◆ WHAT TO DO: Restate word for word the lines of the records below, starting at the line that contains "3D Layered and" and ending at the line that contains "PA license plate KLO2817", with both of those lines included and nothing else.

----- RECORDS

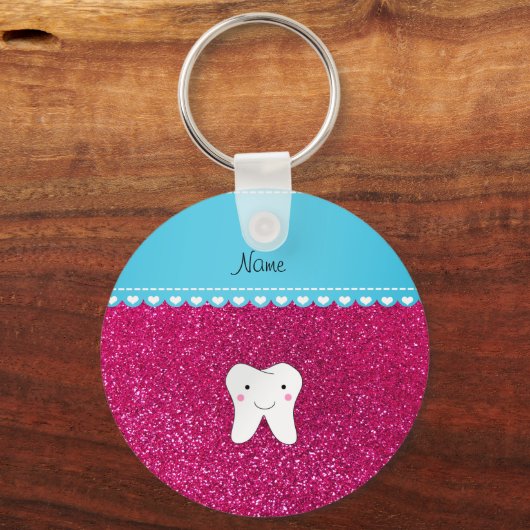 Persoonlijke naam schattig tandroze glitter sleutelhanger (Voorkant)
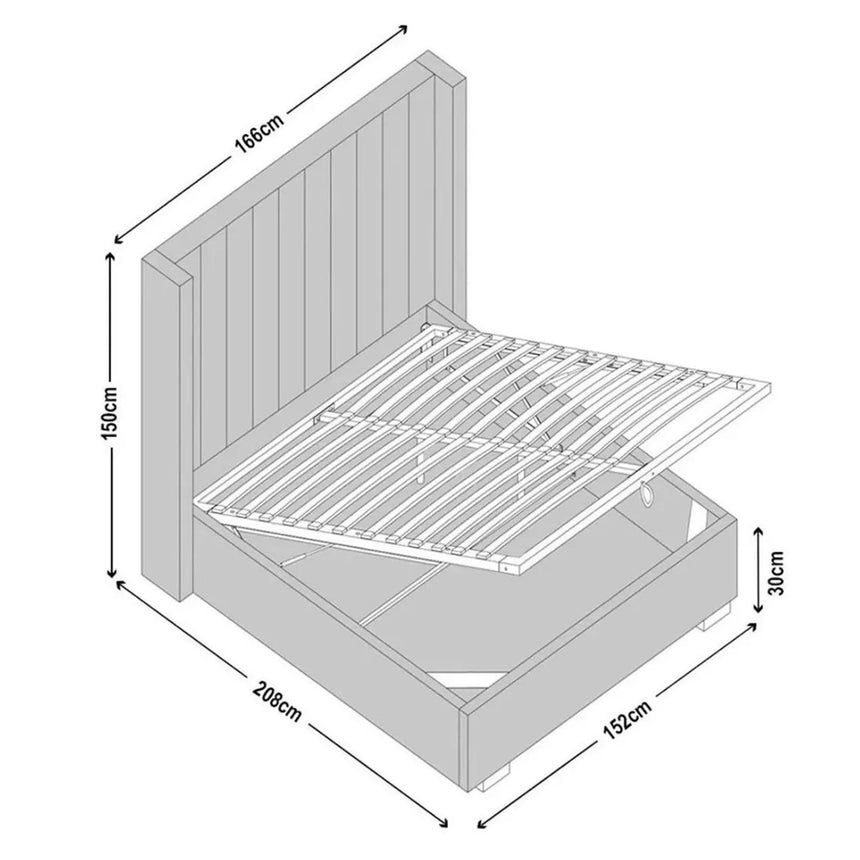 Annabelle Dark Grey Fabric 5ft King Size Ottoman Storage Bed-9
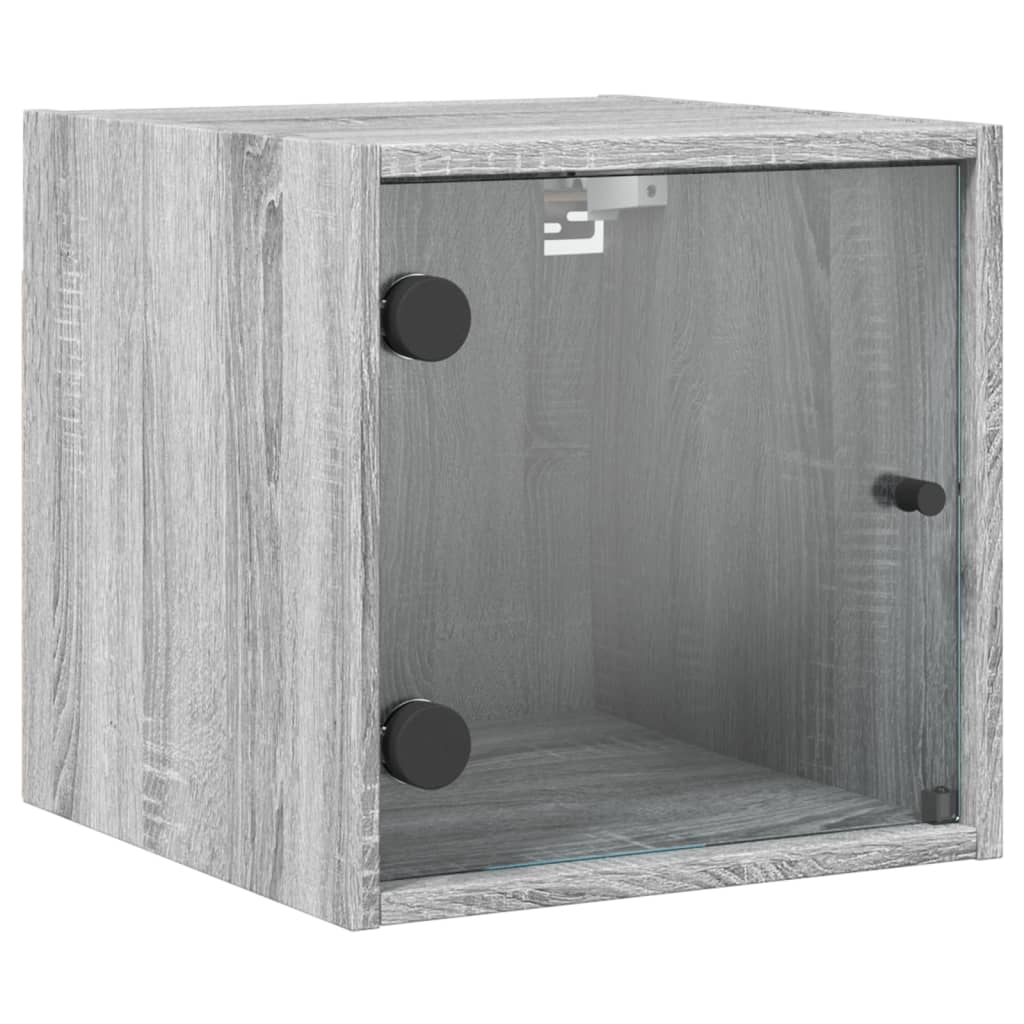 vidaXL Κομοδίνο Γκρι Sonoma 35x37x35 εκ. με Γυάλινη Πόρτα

----------
----- RECORDS

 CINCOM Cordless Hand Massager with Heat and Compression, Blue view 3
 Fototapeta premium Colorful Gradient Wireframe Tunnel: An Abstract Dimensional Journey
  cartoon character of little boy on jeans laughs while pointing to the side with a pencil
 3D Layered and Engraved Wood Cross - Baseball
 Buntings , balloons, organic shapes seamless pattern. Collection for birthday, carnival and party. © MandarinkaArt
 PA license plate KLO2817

----------

◆ WORKED SOLUTION:
 3D Layered and Engraved Wood Cross - Baseball
 Buntings , balloons, organic shapes seamless pattern. Collection for birthday, carnival and party. © MandarinkaArt
 PA license plate KLO2817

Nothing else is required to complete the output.